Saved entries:

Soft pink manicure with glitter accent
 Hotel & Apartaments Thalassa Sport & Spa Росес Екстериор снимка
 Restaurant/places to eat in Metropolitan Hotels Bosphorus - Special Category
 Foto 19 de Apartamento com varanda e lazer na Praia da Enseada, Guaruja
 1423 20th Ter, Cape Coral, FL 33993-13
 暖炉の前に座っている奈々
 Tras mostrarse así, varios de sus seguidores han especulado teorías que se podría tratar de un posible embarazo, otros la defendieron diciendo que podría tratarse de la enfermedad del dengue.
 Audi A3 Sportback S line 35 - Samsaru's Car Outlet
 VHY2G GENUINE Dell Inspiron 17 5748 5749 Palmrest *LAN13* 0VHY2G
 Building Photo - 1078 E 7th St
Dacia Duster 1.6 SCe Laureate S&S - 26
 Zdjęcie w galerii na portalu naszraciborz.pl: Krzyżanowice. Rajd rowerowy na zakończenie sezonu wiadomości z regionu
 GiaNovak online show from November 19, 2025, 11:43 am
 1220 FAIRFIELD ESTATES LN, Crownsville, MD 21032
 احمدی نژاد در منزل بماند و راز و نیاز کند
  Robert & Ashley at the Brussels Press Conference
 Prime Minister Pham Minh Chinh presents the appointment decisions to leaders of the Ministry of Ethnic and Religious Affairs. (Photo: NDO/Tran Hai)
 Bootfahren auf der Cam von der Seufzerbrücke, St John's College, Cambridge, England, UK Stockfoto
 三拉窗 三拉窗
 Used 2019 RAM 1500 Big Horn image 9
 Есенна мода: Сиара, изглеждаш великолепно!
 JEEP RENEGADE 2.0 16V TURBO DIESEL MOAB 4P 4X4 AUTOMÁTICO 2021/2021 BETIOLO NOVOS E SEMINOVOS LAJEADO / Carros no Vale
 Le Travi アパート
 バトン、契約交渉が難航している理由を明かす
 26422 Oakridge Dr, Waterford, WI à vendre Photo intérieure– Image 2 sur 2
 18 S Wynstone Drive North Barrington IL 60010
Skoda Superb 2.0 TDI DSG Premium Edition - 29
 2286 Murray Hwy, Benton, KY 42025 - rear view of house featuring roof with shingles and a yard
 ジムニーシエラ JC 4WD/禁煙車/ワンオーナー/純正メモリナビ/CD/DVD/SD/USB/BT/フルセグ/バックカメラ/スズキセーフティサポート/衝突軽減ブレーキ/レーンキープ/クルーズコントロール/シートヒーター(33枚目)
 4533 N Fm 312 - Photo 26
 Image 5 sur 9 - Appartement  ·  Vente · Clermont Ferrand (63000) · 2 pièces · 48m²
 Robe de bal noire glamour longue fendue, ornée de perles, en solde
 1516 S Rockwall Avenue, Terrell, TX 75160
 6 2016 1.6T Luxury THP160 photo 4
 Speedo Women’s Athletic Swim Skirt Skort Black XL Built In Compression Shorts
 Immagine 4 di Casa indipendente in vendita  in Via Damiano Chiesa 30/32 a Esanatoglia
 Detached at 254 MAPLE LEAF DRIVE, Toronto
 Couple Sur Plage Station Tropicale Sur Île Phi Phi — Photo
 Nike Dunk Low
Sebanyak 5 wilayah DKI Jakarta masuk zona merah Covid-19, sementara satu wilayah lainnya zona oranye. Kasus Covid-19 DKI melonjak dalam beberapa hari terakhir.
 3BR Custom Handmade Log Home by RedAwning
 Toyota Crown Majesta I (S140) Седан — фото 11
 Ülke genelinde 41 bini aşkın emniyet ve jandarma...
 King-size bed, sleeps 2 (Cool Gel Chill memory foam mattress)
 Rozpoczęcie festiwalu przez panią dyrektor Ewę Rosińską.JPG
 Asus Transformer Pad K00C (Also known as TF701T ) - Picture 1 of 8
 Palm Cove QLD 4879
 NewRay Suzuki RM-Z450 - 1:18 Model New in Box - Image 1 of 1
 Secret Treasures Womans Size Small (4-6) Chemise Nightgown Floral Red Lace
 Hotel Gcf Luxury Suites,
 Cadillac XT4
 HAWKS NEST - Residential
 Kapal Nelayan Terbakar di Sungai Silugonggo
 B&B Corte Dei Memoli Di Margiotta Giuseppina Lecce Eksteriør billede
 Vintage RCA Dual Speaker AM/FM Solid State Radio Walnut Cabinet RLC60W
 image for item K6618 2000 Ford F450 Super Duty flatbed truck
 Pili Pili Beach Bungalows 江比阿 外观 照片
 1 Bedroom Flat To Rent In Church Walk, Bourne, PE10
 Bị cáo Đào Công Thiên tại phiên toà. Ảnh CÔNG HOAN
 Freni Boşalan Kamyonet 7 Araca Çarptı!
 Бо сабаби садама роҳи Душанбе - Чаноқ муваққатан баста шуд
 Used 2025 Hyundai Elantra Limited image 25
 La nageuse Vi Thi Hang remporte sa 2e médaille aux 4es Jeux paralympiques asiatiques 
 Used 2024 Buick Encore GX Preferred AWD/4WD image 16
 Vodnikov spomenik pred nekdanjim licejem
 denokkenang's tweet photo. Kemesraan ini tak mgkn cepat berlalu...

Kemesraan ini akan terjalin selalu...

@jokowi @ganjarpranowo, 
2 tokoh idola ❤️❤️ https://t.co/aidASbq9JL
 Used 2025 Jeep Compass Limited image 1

WORK REQUIRED - Would you copy out every line in the records that includes the string "with"?

EXERCISE RESULT -
Soft pink manicure with glitter accent
 2286 Murray Hwy, Benton, KY 42025 - rear view of house featuring roof with shingles and a yard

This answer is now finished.